テレビやインターネット上で、議論や討論の動画が目に付く。

一般的な意見の対立を扱うものから、政治家や有名人同士の対決を扱うものまで、様々だ。

その中には、議論や討論を標榜しつつ、論破をショーのように見せる番組がある。

ここでは、論破合戦をショーのように見せる番組を、便宜上、「論破ショー」と名付けておく。


ただ、論破ショーで行われる議論や討論は、概ね“単なる主張のぶつけ合い”に終始しているように思える。

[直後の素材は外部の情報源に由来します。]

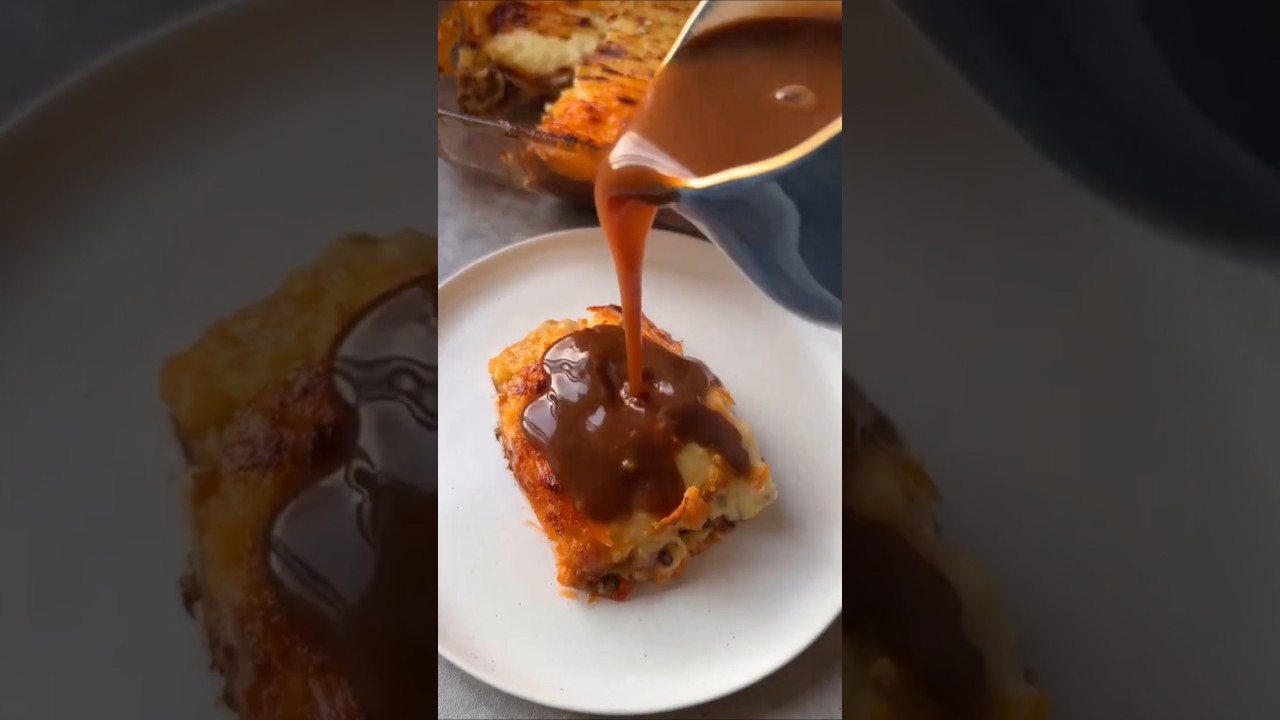 The coziest, most comforting Shepherd’s Pie recipe if you want something to make on a cold even The coziest, most comforting Shepherd’s Pie recipe if you want something to make on a cold even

相手を論破すること自体が目的とされ、参加者の主張の正否は元より、相手の意見について深く考えることが置き去りにされる。


この論破ショーは、相手を論破した瞬間を強調するが、これは、勝ち負けをはっきりさせて、論破を楽しませるためだと思う。

つまり、論破ショーは、論破自体を中心に据えた、議論や討論という様式で行う競技のように見える。


議論や討論という様式ではあるが、コミュニケーションを深めて、新しい事を見出すことは、二の次だ。

本当の意味の意見の交換や対話などは無い。


相手を論破することが、勝利とされるわけだから、出演者は、自分たちの主張を押し通すことを目的としている。

論破されたら負けなのだから、論破の過程としての意見交換や対話があるだけだ。


論破自体が問題で、道理も二の次なのだから、論争ですらない。


論破ショーは、単なるエンターテイメントに過ぎない。

如何にシリアスな話題を取り上げていたとしてもだ。


ただ口喧嘩を見せられているだけのように感じるのは私だけだろうか。


せっかく議論の場を設けているのに、新しい見地が得られない様子を見せられるのは、なんだか残念だ。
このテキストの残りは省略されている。